Exercise inputs START

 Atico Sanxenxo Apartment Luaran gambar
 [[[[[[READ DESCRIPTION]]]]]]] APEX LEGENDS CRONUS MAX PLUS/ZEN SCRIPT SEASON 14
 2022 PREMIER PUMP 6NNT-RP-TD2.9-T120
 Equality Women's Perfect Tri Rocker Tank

Exercise inputs END
Exercise inputs START

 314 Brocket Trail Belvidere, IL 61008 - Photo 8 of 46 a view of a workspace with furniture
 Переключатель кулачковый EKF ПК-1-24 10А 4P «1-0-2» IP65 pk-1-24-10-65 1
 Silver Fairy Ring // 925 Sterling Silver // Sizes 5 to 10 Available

Exercise inputs END
Exercise inputs START

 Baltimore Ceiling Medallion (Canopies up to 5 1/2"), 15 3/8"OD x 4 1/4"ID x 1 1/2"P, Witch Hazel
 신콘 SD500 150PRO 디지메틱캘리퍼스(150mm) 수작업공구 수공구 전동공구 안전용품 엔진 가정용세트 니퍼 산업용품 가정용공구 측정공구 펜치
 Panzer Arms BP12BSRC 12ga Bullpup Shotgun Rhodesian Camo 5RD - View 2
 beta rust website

Exercise inputs END

→ Instructions for the task: Look back at the entries above. Retype the line with "2022 PREMIER PUMP 6NNT-RP-TD2.9-T120", the line with "Equality Women's Perfect Tri Rocker Tank", and all lines in between.

→ Task output:
 2022 PREMIER PUMP 6NNT-RP-TD2.9-T120
 Equality Women's Perfect Tri Rocker Tank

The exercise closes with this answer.